ポストエディットの作業のなかには、機械が翻訳した訳文にどこまで修正を加えるかの判断が難しい場合があります。授業中にも、「どこまで訳文を修正すべきかというさじ加減が分からなかった」や「このように修正するのはポストエディットとしては問題ないか」というご質問を多くいただきました。

成田氏や菅井氏からは、定量的な線引きは難しいが、「文章全体で見たときに、統一されていないと誤訳とみなされてしまう用語や表現があった場合は修正したほうがいい」、「読み手の理解に誤解や混乱を招いてしまう可能性がある文章は修正したほうがいい」とアドバイスをいただきました。
受講生の方からは、「ポストエディットの作業方法を知ることができた」、「機械翻訳の得意な点と弱点が分かった」などの感想をいただきました。

オンラインでの画面越しからも、皆さんが熱心に講義を聞いている様子が見受けられました。授業での質疑応答も受講生の方から多くの質問をいただき、ポストエディットへの高い関心がうかがえました。

【受講生の感想】
・ポストエディットは実務でも携わったことがありますが、あくまで自己流で行っていたので、作業をして納品しても、果たしてこの成果品で良いのだろうかと不安になる事がありました。今回、この講座の案内を拝見して、一から体系的に学んでみたいと思い受講しました。また、オンラインで受講できたること、翻訳会社の方から、翻訳業界についての現場の声やアドバイスをいただけたというのも、とても魅力的でした。

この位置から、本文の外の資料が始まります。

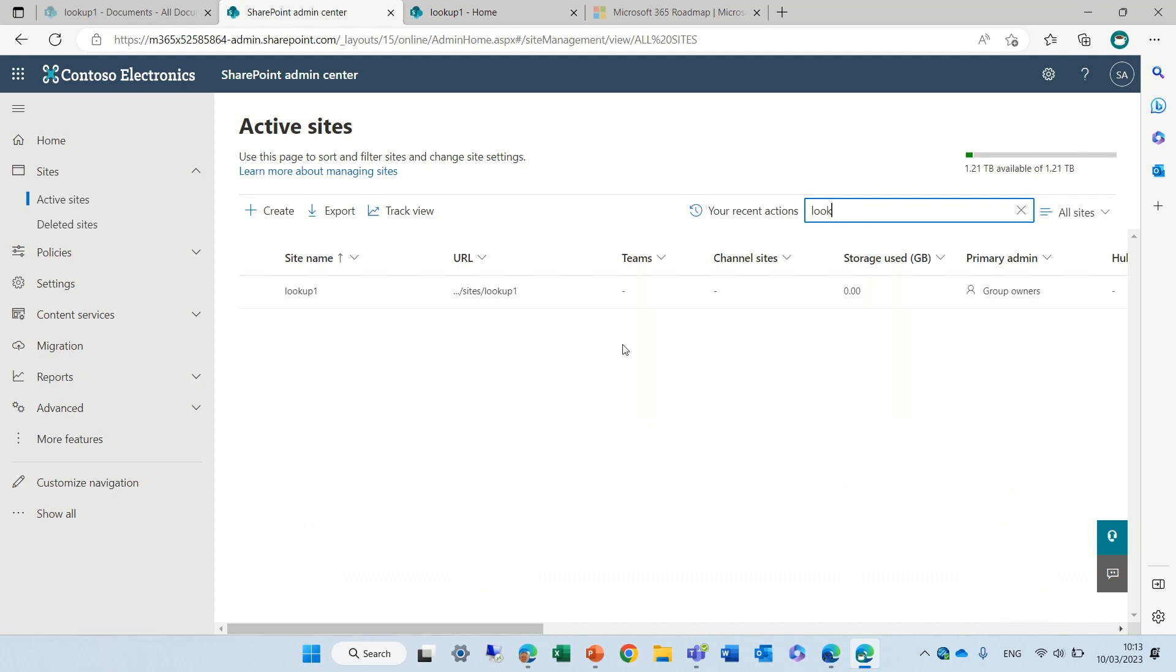Okay, so try the new experience in admin center and let me know what you think. Goodbye.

・今現在そしてこれからも需要がますます増えるであろう 機械翻訳+ポストエディット(MTPE)、また大きな枠で翻訳というお仕事をする上での基本的なことを私のような初心者向けにもわかりやすく教えて頂ける機会を設けて頂いたこと、大変感謝しております。

・翻訳会社の方から業界の動向を聞けたことと、MT 翻訳、PE と人手翻訳を比べて見ることができ参考になりました。

・ポストエディットに関して、どこまで修正し、どこまで残すかというところ。講師の方がそこの線引きを示して、理由もきちんと説明してくださったのが良かったです。
また、ポストエディットとの比較で人手翻訳の例も挙げていただいたので、翻訳という仕事が全体的に把握できました。

ご受講いただいた皆様ありがとうございました。
ILCでは、翻訳者を目指す方に役立つ講座やセミナーを今後も開催してまいります。